There’d be no poking and prodding—just one graceful push inside. Swiping my panties to the side, Ethan would slide in me like a sword to a sheath and my wetness would cover him as his covered mine, our bodies soaked, my whimpers turning to whines as Ethan bobbed my body along his to sit atop his perfect cock. Slick from head to toe, he’d let me know which parts were slickest, and when I couldn’t answer back through the cries of pleasure, he’d bite at my earlobe, rasping only the filthiest of things.

“You’re all wet, Kat. Look at what you’ve made me do…”

“Yes…”

“Don’t you like it when I make you wet?”

“Yessss…”

“When I make your pussy drip down your thighs?”

“Yes!”

“Take this fucking cock, Kat. Take it… But don’t you come yet. Don’t you dare come…”

My cries would only grow louder. The heat between my legs would rise and the slippery, soaking friction would build, I would want to come. I would want it so bad… and try to stop…

“I’m… I’m trying…”

“Try harder.” Another pound. Another slide.

Up. Down. Up. Down. I’d hold on for the ride. My body would bounce from the tip of Ethan’s hard, long cock to the base, and the slapping of our bodies together would only push the frenzy within me higher, making everything between my thighs squeeze and quiver for release. Hot tears would drip from my eyes as I would try to hold out, but couldn’t.

My body would explode, cracking apart into pieces. A shattering would rock my body from the inside out, and I would dig my nails into his broad back, clutching as I hit the peak—again and again. I wouldn’t stop coming—couldn’t. Because Ethan wouldn’t stop. Still rock solid inside me, he’d keep pumping, keep stroking until my body was nearly spent, and then at last, he would join me, releasing his seed inside me to join my own. He’d sigh from his own release, and I would want him again, doing everything I could to betray my body to refocus so that I could take that orgasmic rollercoaster again.

But he wouldn’t let me. He’d hold me to him, gazing directly into my eyes. With the moonlight barely illuminating the darkened space around the gently rolling pool, he would somehow find the deepest part of me in that glare, and he would delve deep, digging up emotions I wanted to forget were there.

He’d leave me breathless.

With one look, us sharing one body, he’d say three words. “Kat… I love…”

“Kat.” The mention of my name made me blink.

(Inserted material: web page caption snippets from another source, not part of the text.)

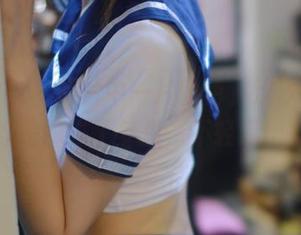 模范学院 – 照片中一片粉色，汐汐爱吃草莓像是掉进了梦里，不轻易出来。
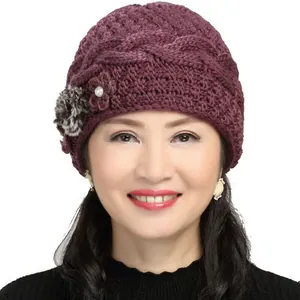 Gorro de punto de invierno para mujeres mayores con pompón de piel y flor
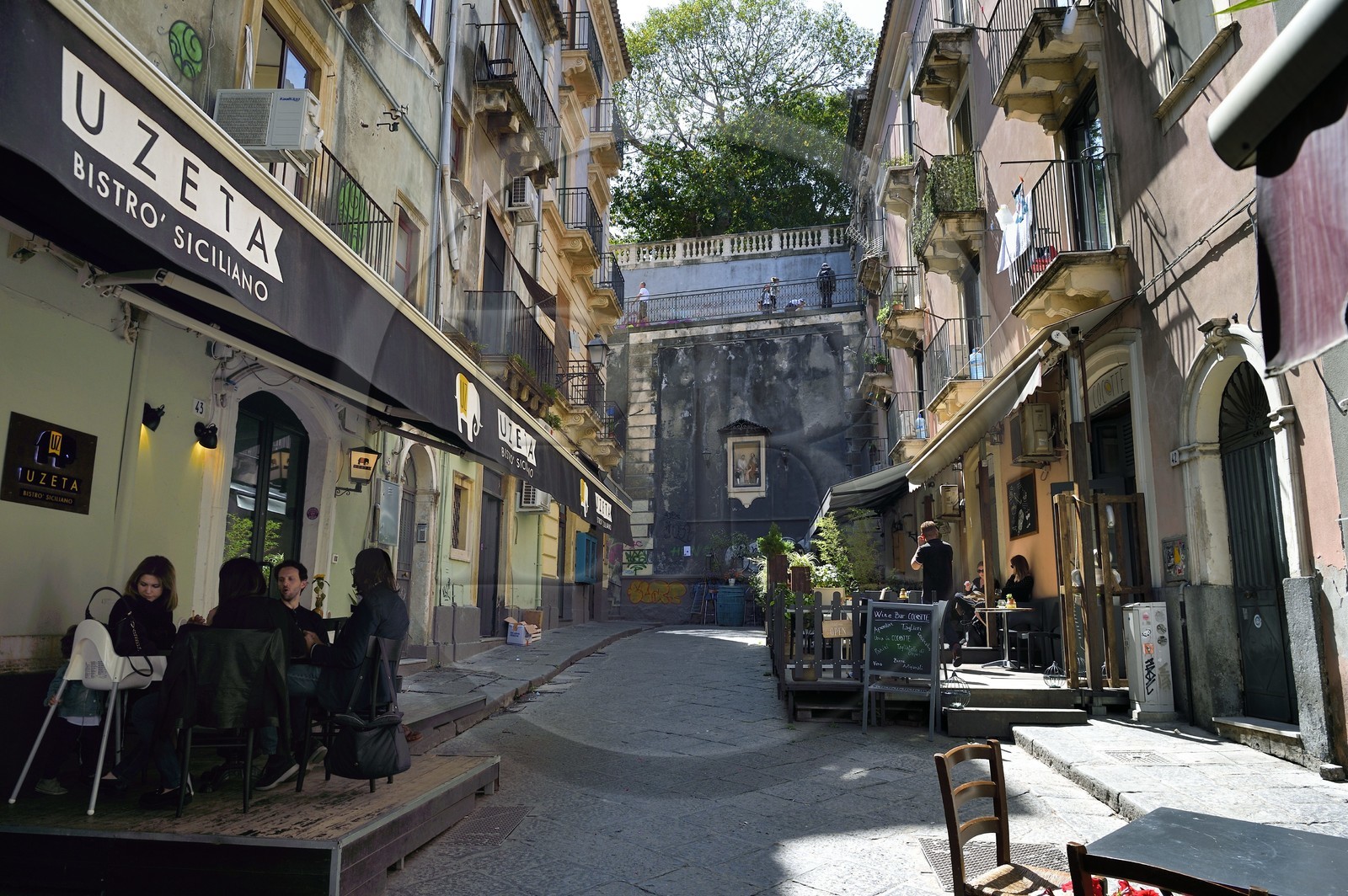 Italie, Sicile, Catane, ville baroque classée au Patrimoine Mondial de l'UNESCO, terrasses de restaurants dans la via Penninello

Ethan was still holding onto the white towel from the empty chair. I looked down to notice that so was I, my fingers seemingly stuck into the fabric, and, embarrassed, I nearly dropped the garment, letting go of the terry cloth towel with nothing to say. It was the most awkward moment of my life… and I’d had many. To Ethan’s sheer shock (and my own), I turned and ran, not looking back, not saying another syllable as I headed back towards the hotel, my tail tucked between my legs as I scurried away like the scared little mouse I’d suddenly become.

What the hell was happening to me? I didn’t even get a chance to say “thank you” for what he’d done, didn’t let him know how much it meant. And I hated that a part of me knew why…

We were way past simple “thank you’s,” silly symbols of gratitude that were supposed to mean anything. Ethan and I had something else, something buried.

And if I wanted it to stay that way, running was the only way I knew how to make it stick. It had worked for Ethan before. I was hoping it would work for me this time.

I wasn’t over him… Not by a long shot.

Ethan Riske was still in my bones, still stuck under my skin. I hadn’t gotten him out of my system—not yet anyway… and I was so very fucked.